O bicho era um menino

A pequena bolsa a tiracolo, escolhida para me acompanhar no passeio pelas ruas centrais de Porto Alegre, num ritual que se repete mensalmente, indicava …

A pequena bolsa a tiracolo, escolhida para me acompanhar no passeio pelas ruas centrais de Porto Alegre, num ritual que se repete mensalmente, indicava a intenção de cumprir o compromisso rapidamente e voltar para casa, quem sabe a tempo de acompanhar uma avant-première do destino do senador Renan Calheiros. Mas, como já dizia o velho ditado, de boas intenções o inferno tá cheio, os meus planos na terça-feira à tarde fugiram totalmente de controle.
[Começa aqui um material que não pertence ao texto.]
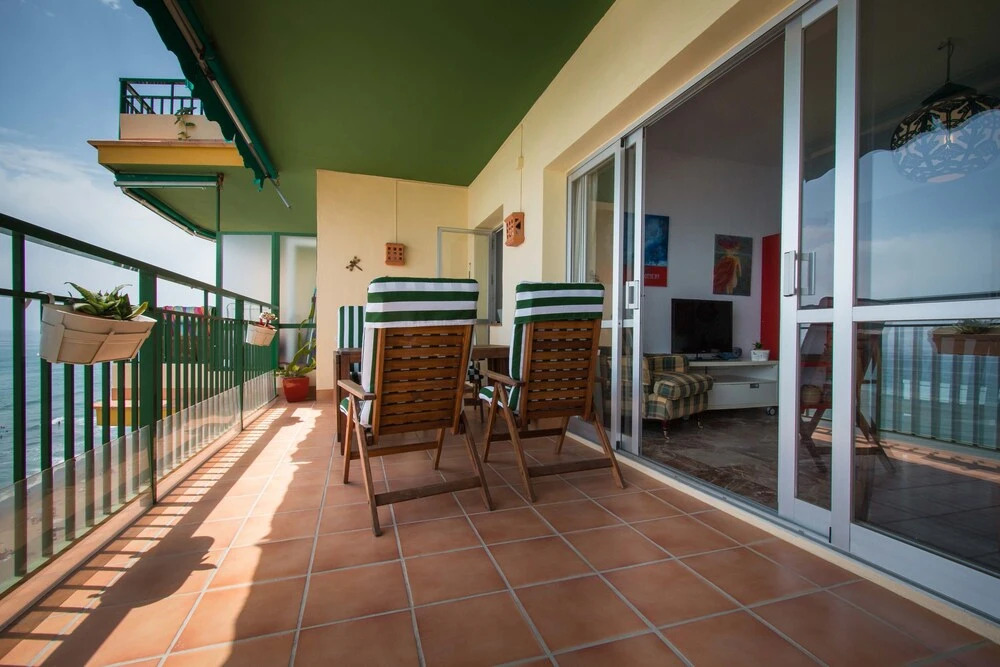 Holidays2Fuengirola Carvajal Sea Side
No final da excursão por uma das rotas do mapa da cidade, lembrei do poema de Mário Quintana e retornei para meu canto, reconhecendo na anatomia de Porto Alegre, algumas partes que sempre insisto em não apalpar.


Senti uma dor infinita ao deixar a esquina da Borges de Medeiros com a Riachuelo, após aguardar uns 20 minutos numa fila, debaixo do sol e derretendo no calor de mais de 30 graus, e ouvir da atendente da Farmácia de Medicamentos Especiais que o meu remédio está em falta pelo segundo mês consecutivo. Fazer o quê? Interromper o tratamento e nunca mais voltar a trabalhar? Esticar mais a licença-saúde? Nem pensar. A solução foi apelar ao cheque especial, pré-datado, com desconto para plano de saúde, carteira de sindicalizado e zilhões de condições. A sacolinha plástica surrada dentro da bolsa, que acomodaria o remédio fornecido pelo Governo do Estado, serviu para guardar o medicamento comprado.


Desci a Borges de Medeiros no meio daquele turbilhão de ônibus,  lotações e pedrestes que não se respeitam (quando é que isso vai mudar, pensei), em direção à Andrade Neves, reclamando da má sorte  (não falo aquela palavra? não adianta) em não conseguir o medicamento, que é super caro, por dois meses consecutivos. Ali, quando a Borges se torna uma esquina esquisita e infiel porque namora, às vezes, a Andrade Neves, outras a Salgado Filho e, de quebra, dá umas piscadas para a Andradas mais abaixo, decidi percorrer a Travessa Acelino de Carvalho, que deveria atender, sonho de administrações anteriores, pelo nome de Rua 24 Horas.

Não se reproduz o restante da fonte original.